About this task: What is needed is the exact text of each line in the listing below from the one with "Railroad tracks in the Alberta prairies" up to and including the one with "Pure Handloom Zari", and no pictures.

Information supplied:
<<<<
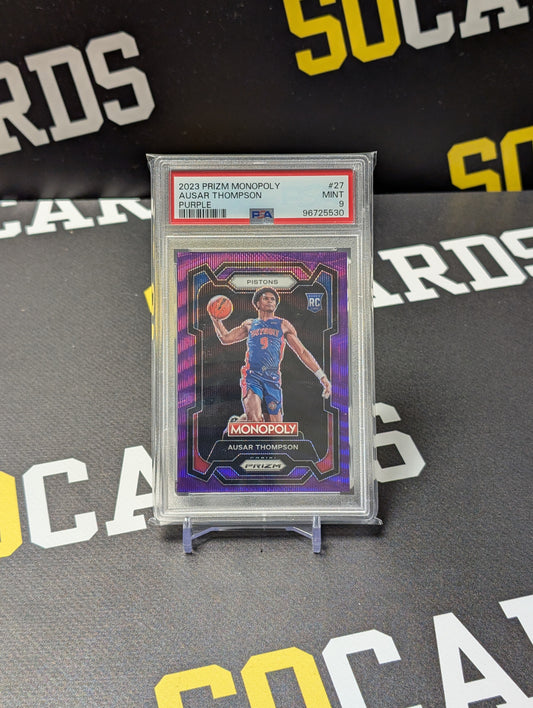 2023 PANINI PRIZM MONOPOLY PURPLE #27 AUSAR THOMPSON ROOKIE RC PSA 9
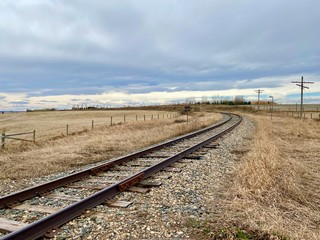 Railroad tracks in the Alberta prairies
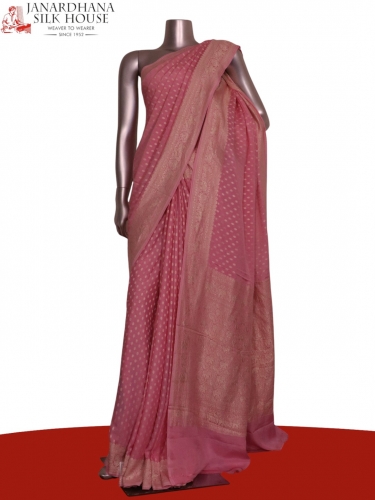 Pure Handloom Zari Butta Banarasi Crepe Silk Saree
>>>>
<<<<
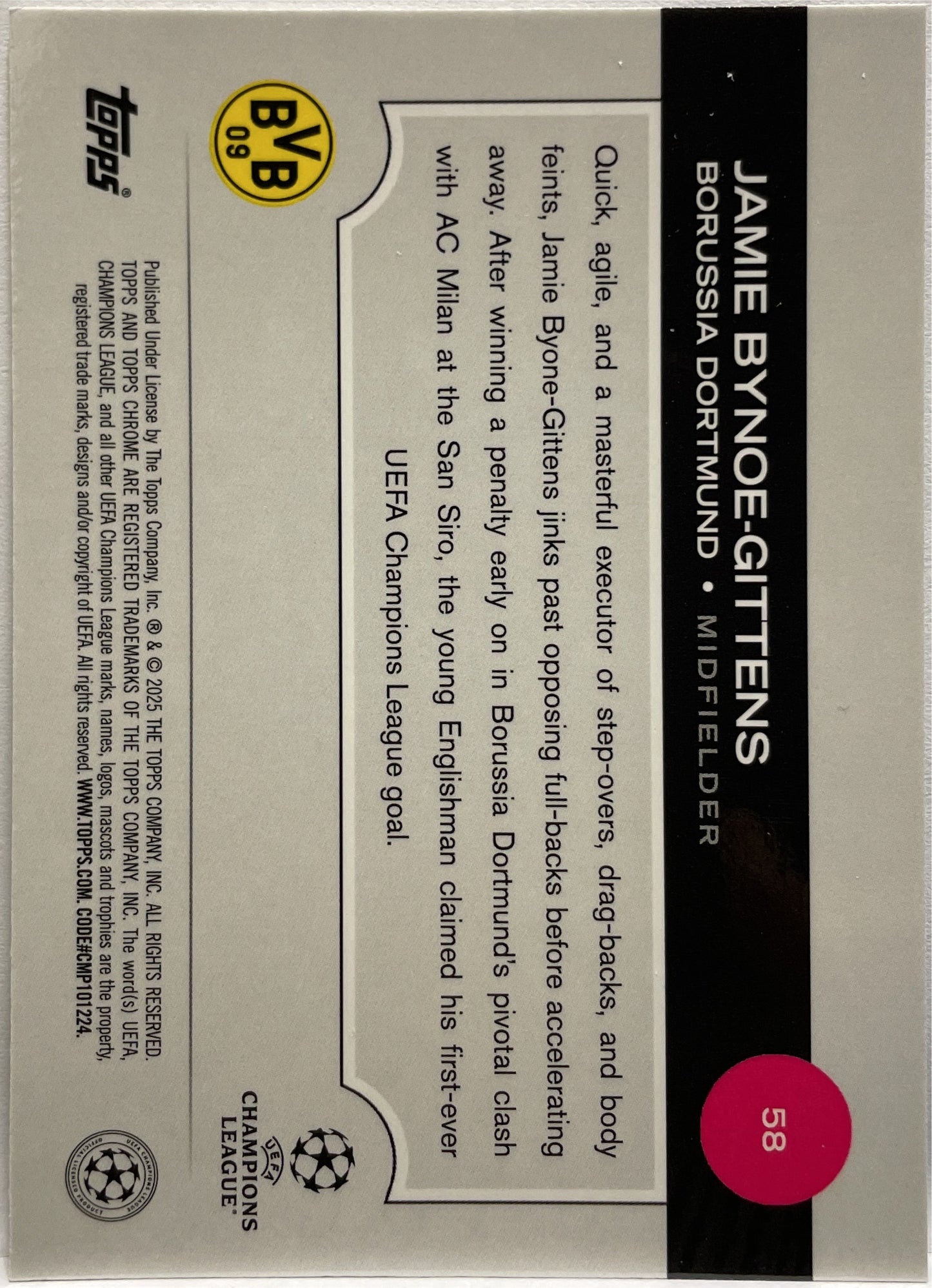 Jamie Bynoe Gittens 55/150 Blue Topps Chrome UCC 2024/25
>>>>
Task response:
 Railroad tracks in the Alberta prairies
 Pure Handloom Zari Butta Banarasi Crepe Silk Saree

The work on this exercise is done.